Table 1 shows sixteen trials of different combinations for initial learning rate (ILR), epoch, mini-batch size (MBS) and validation frequency (VF). Each option is tested by two parameters. Compared with training time, training accuracy, training loss, validation accuracy and validation loss, the stochastic gradient descent with momentum algorithm was used with an initial learning rate of 0.001 per epoch, a maximum number of training epochs of 10, a minibatch size of 32, and a validation frequency of 30 iterations. Figure 5(a) presents the model accuracy for the training and validation data sets. The results reveal no overfitting between the training and validation data. An overfit model is overly specific to the training data and thus difficult to generalize to novel inputs. The accuracy on the validation data set was high (97.33%). During the training iterations, the accuracy was initially low but then increased quickly. After 30 iterations, the accuracy fluctuated at a high level, and after 100 iterations, the accuracy reached a limit of approximately 97%. The loss for the training data and the validation data are also shown in Fig. 5(b). The loss function for classification is the cross-entropy loss, which is defined as follows: $Loss = - \frac{1}{N} \sum_{n = 1}^{N} \sum_{i = 1}^{K} w_{i} t_{ni} \ln (y_{ni})$ (3) where N is the number of data items (N = 1050 for the training data and 150 for the validation data), K = 5 is the number of categories, w_i is the weight for category i, t_ni is a binary indicator (0 or 1) of whether datum n belongs to category i, and y_ni is the output for datum n and category i. The loss was initially high (2.41) and then quickly decreased to 0.23; it stabilized at approximately 0.09 after 100 iterations.

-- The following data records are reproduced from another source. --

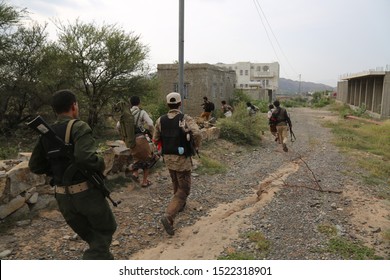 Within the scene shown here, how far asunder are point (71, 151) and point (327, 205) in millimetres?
4176

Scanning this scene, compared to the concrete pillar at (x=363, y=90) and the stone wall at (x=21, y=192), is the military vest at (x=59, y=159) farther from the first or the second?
the concrete pillar at (x=363, y=90)

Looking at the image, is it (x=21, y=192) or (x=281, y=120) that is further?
(x=281, y=120)

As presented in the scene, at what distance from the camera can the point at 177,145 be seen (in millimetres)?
4512

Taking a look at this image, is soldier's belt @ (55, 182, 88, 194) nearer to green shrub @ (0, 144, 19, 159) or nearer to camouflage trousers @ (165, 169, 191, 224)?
camouflage trousers @ (165, 169, 191, 224)

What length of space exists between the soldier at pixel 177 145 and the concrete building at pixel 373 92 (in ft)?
A: 71.9

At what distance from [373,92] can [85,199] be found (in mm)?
28954

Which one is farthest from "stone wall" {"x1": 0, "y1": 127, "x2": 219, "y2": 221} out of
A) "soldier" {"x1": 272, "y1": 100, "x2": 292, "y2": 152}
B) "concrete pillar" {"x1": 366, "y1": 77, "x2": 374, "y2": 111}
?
"concrete pillar" {"x1": 366, "y1": 77, "x2": 374, "y2": 111}

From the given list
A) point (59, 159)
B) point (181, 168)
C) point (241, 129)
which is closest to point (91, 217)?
point (59, 159)

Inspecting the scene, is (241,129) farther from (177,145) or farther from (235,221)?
(177,145)

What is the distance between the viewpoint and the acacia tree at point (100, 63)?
481 inches

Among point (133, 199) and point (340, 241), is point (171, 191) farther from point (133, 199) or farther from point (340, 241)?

The confusion matrix is often adopted to evaluate the precision, false discovery ∼ rate, sensitivity, false positive rate, and overall accuracy of predictive models, such as deep learning models. The confusion matrix of the proposed model is depicted in Fig. 6. The diagonal and off-diagonal entries indicate the number of correct and incorrect classifications, respectively, of input images from the testing data. For example, the first column represents the model’s performance for predicting the “cloudy” category from the testing data. From the top to the bottom of the column, 58 images were correctly classified as cloudy; 2 were misclassified as clear; and none were classified as foggy, rainy, or sunrise. The upper number of the right column represents the precision, and the bottom number represents false the discovery rate. The upper number of the bottom row is the sensitivity, the bottom number is the false positive rate, and the lower-right number is the overall accuracy. For example, the upper-right corner indicates that 59 images in the testing data were classified as cloudy; 58 images were correctly classified, and only one image was misclassified. Therefore, the model precision for the cloudy category was 98.31%, and the false discovery rate was 1.69%. The data in the bottom-left corner reveal that, of all the cloudy images in the testing data, 58 images were correctly classified, and two images were misclassified; therefore, the model sensitivity for the cloudy category was 96.67%, and the false positive rate was 3.34%. The lower-right data indicate the overall accuracy of the weather forecasting model. The proposed model had an overall accuracy of 97.67% for the classification of the five categories of weather images (Fig. 6).

Fig. 6

The confusion matrix showing the performance of CNN in predictive analytics, where the diagonal are correct classification and the off-diagonal are otherwise. The last column and the last row are the true/false rate.

3 Long short-term memory

In aviation safety, though CNN can identify and classify the incoming weather, it cannot quantify nor predict numerical information. The multivariate numerical forecasting by LSTM in deep learning is shown in Fig. 7. An LSTM composed of three gates with feedback connection. The gates update and control the cell states C_t and the hidden states h_t. The cell state C_t is to model long-term memory that stores the information of previous time step and encodes data aggregation from the previous time step. The hidden state h_t is to model short-term memory by encoding recent time step data. LSTM utilizes the three gates, the forget gate f_t, input gate i_t and output gate o_t with sigmoid (σ) and tanh activation functions, to compensate what RNN lacks in memorizing and forgetting the input x_t, where the sigmoid function is to calculate a set of scalars for preventing vanishing/exploding gradients and the tanh function is to normalize the data.

Fig. 7

An LSTM contains four interacting layers by feedback connection, where ⊗ is the pointwise multiplication, ⊕ is the pointwise addition, σ is the sigmoid function, f_t is the forget gate, i_t is the input gate, o_t is the output gate and ${\tilde{C}}_{t}$ is the cell state at present time step. The subscript t - 1, t, and t + 1 are the previous, present, and next time step, respectively.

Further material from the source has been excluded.